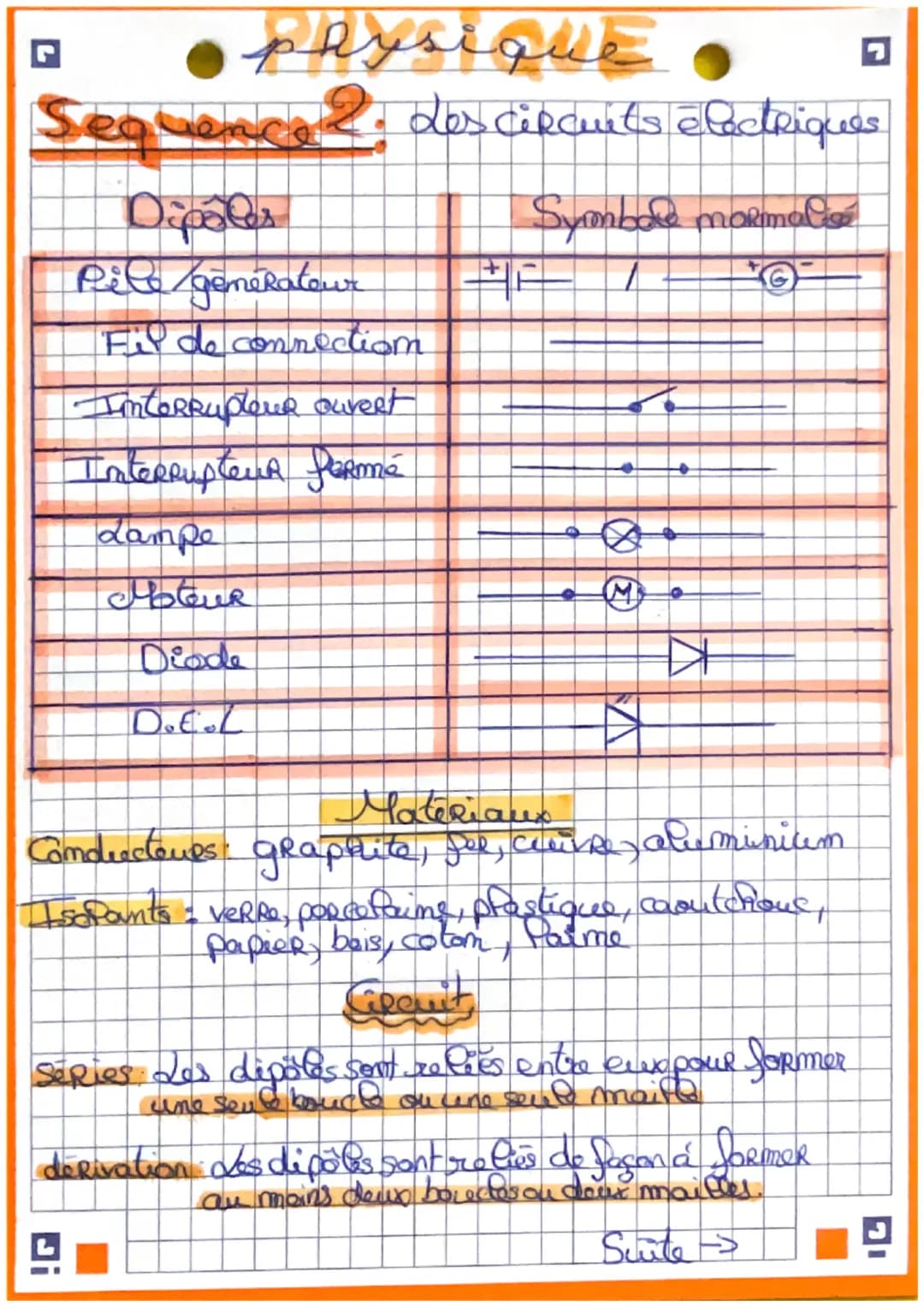 • PRYSIQUE.
Sequence 2. des circuits électriques
Symbore mormalio
Dipoles
Pile generatour HE
Fil de connection
Incorrudere ouvert
Interrupte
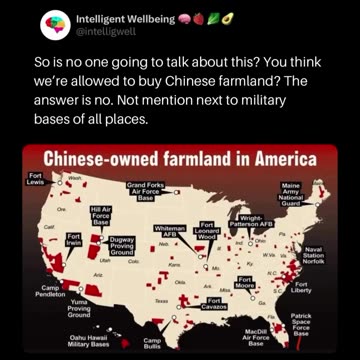 Educational Purposes Only..!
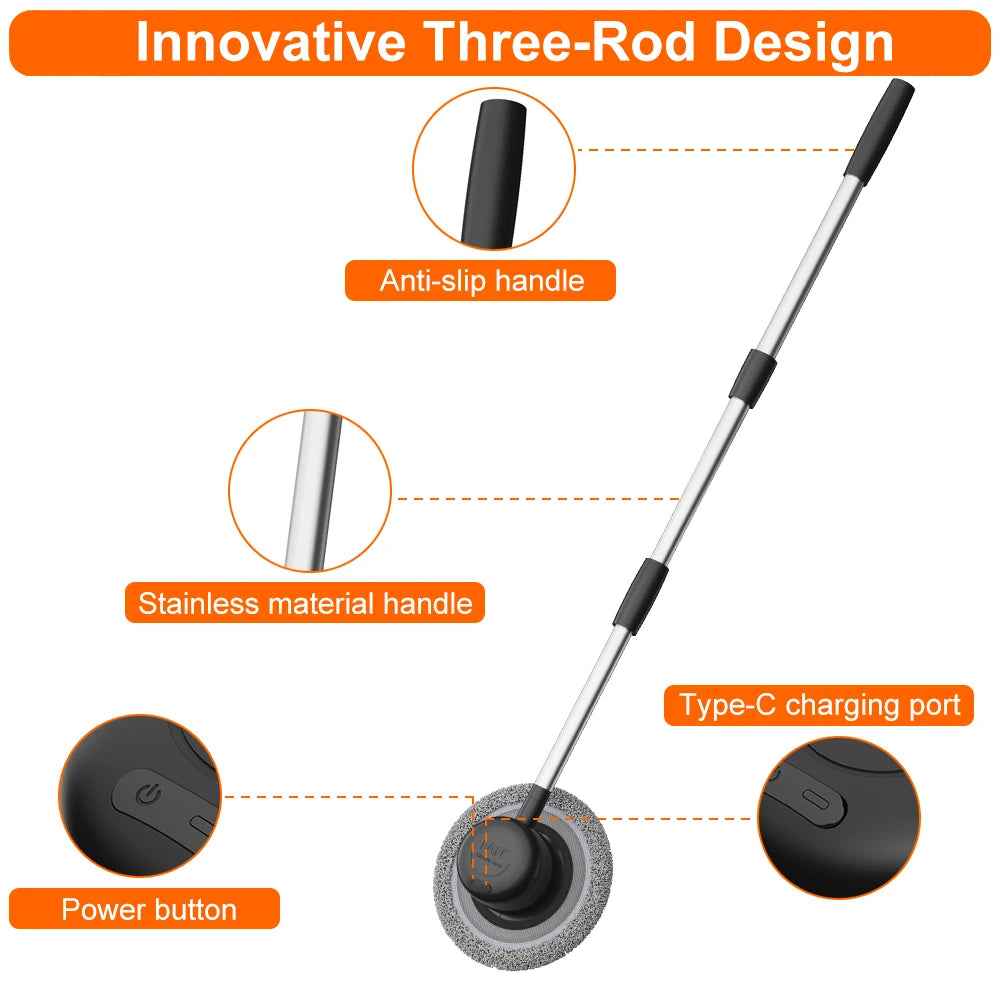 Electric Rotating Wash Mop innovative three-rod design diagram labelling the anti-slip handle, stainless steel handle, power button and Type-C charging port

*About this task*
Omit every picture while printing the data word for word.

*Reply to the task*
 • PRYSIQUE.
Sequence 2. des circuits électriques
Symbore mormalio
Dipoles
Pile generatour HE
Fil de connection
Incorrudere ouvert
Interrupte
 Educational Purposes Only..!
 Electric Rotating Wash Mop innovative three-rod design diagram labelling the anti-slip handle, stainless steel handle, power button and Type-C charging port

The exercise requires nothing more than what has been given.